### What is needed
For this exercise, reproduce the entries below exactly, but only from the line containing "Pink Smocked Ruffle" through the line containing "Amstyle Weinkühlschrank SlimLine", both included.

### Data in this exercise
-*-*-
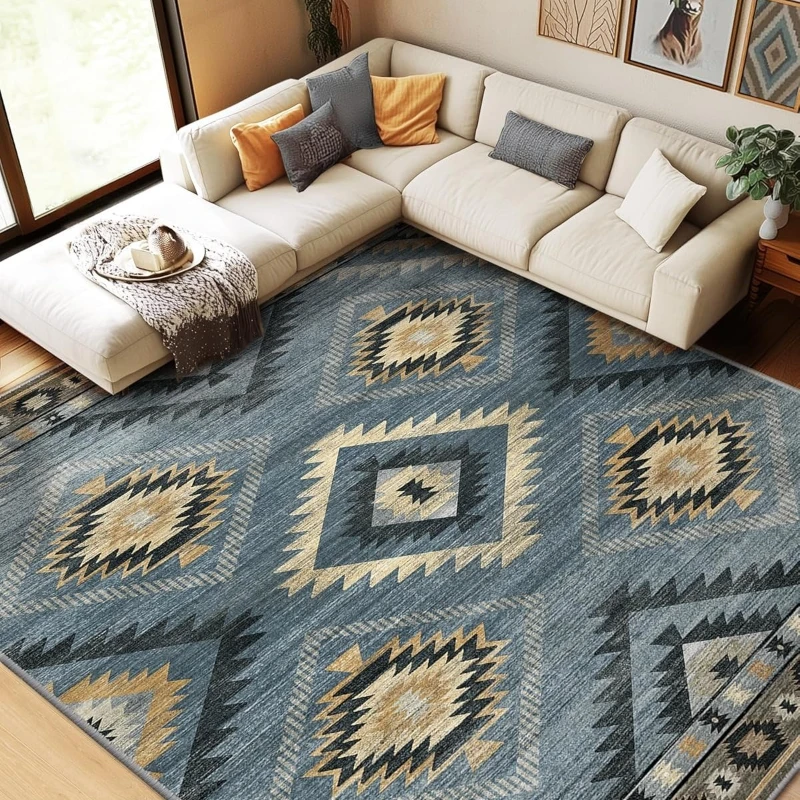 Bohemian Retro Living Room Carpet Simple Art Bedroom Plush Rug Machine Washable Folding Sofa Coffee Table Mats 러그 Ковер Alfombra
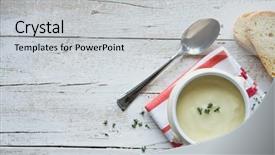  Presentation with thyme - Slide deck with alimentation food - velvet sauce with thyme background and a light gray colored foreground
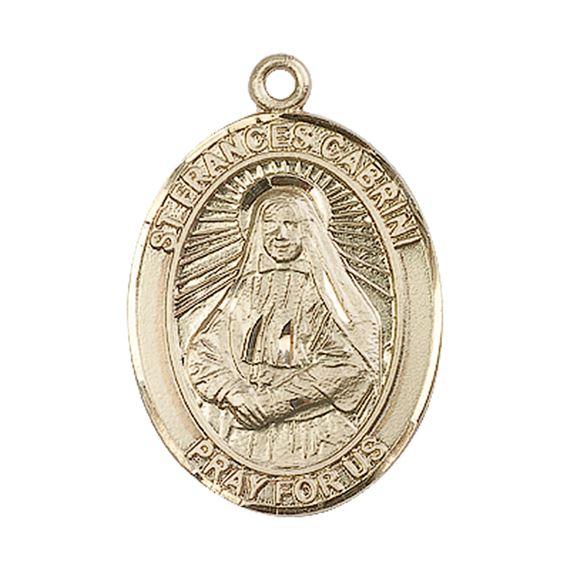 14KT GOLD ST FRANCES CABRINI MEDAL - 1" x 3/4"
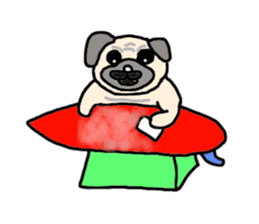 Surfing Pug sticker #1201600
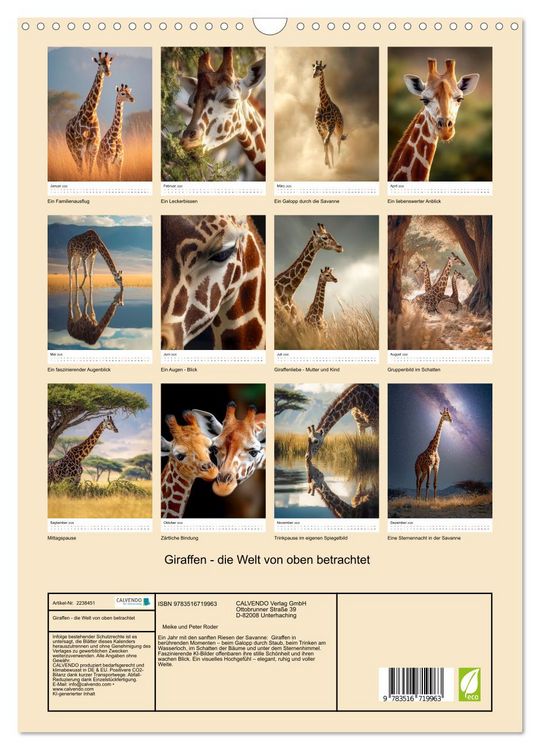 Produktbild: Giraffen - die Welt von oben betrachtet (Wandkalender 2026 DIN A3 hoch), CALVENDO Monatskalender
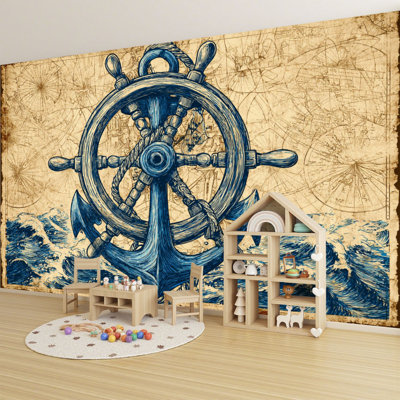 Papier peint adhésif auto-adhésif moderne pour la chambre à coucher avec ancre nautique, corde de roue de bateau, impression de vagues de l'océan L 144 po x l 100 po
-*-*-
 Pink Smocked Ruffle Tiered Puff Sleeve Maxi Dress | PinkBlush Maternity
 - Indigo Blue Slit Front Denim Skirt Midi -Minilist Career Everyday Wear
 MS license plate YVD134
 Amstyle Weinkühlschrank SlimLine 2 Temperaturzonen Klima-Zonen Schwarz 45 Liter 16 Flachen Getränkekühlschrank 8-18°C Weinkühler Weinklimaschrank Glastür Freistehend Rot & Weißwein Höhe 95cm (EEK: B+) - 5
-*-*-
### Completed task
 Pink Smocked Ruffle Tiered Puff Sleeve Maxi Dress | PinkBlush Maternity
 - Indigo Blue Slit Front Denim Skirt Midi -Minilist Career Everyday Wear
 MS license plate YVD134
 Amstyle Weinkühlschrank SlimLine 2 Temperaturzonen Klima-Zonen Schwarz 45 Liter 16 Flachen Getränkekühlschrank 8-18°C Weinkühler Weinklimaschrank Glastür Freistehend Rot & Weißwein Höhe 95cm (EEK: B+) - 5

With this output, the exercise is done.